I think it is high time for all Christians, perhaps especially American ones, to have a more adequate theology of peacemaking, rather than seeking justification for participating in more wars. I may be wrong about this, but if so, I want to err on the side that I see the Savior, took for he is the one who believed that there were many things worth dying for, but nothing worth killing for. Indeed, he believed that killing violated the values that were worth dying for.



  1. Romans 13 does not obligate a citizen to participate in war any more than the command to obey your parents says says that you must steal or kill if they tell you to.

    It does say that there should be some order to society, and that order would naturally would come from a government, and Christians should participate in it. Of course, the Romans would understand and expect this rather than social order to come from religion.

    Moreover, this passage of Paul’s does not provide for support for war. The purpose of the Roman military in Jesus’ day was twofold, the first was military conquering support for the emperor–aggressive war we would think of today, and the other is they were the POLICE of the day, keeping order for society, but not necessarily expanding it. In the Roman days, society had not developed to the point that they recognized a difference.

    We would expect that police were needed for a society, but the violent nature of the military turned off early Christians, and there reports of them believing that a Christian could not be a soldier. There are no records early Christians in the military until 185AD, and when a soldier converted, he gave up his post and was usually martyred for the desertion.

  2. Actually, Romans 13 doesn’t talk about war (the “sword” mentioned there (Greek: machaira) wasn’t used in war, it was a short dagger used when Roman soldiers accompanied tax collectors, the symbol of local policing) but it is a text that shows that we shall “overcome evil with good” (Rom. 12:21) even when it is the state that is evil. Rom. 13 is a text where Paul tries to stop Christians who want to overthrow the government! Christians are never supposed to use violence, not even in revolutions against Caesar. Instead, we shall submit to the authorities (which isn’t the same as obey, for Christians should not sacrifice to the emperor and kill Jews in concentration camps) and spread the Jesus-revolution inside peoples’ hearts. There are two types of peace: the negative peace when people cannot fight, although they want to, because a foreign military or a strong police force is hindering them and the positive peace when people do not fight because they do not want to.
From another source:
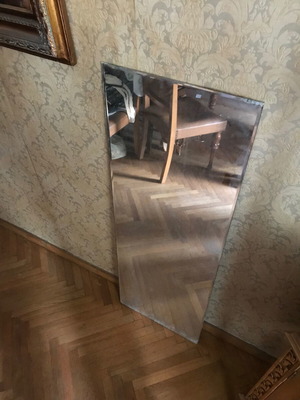 Καθρέφτης μεταχειρισμένος 120 x 42 εκ., ρετρό vintage διακόσμηση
It is the second peace that we must search.

  3. Thanks, Micael. I have a very vague memory of hearing much the same thing when I was in High School, but you have the more specific, significant facts.

    I wonder if this was the same type of sword Jesus recommended the apostles trade their coats for and buy in Luke 22:36? A good, sturdy knife would be a useful tool for a wide variety of tasks in their new, more independent life.

    Also, you’d think that carrying a big, clunky sword would give the first impression of wary suspicion, rather than a greeting of peace like Jesus would recommend. The Romans policing Jerusalem probably wouldn’t want to have a group of strange “rebels” carrying a sword, either.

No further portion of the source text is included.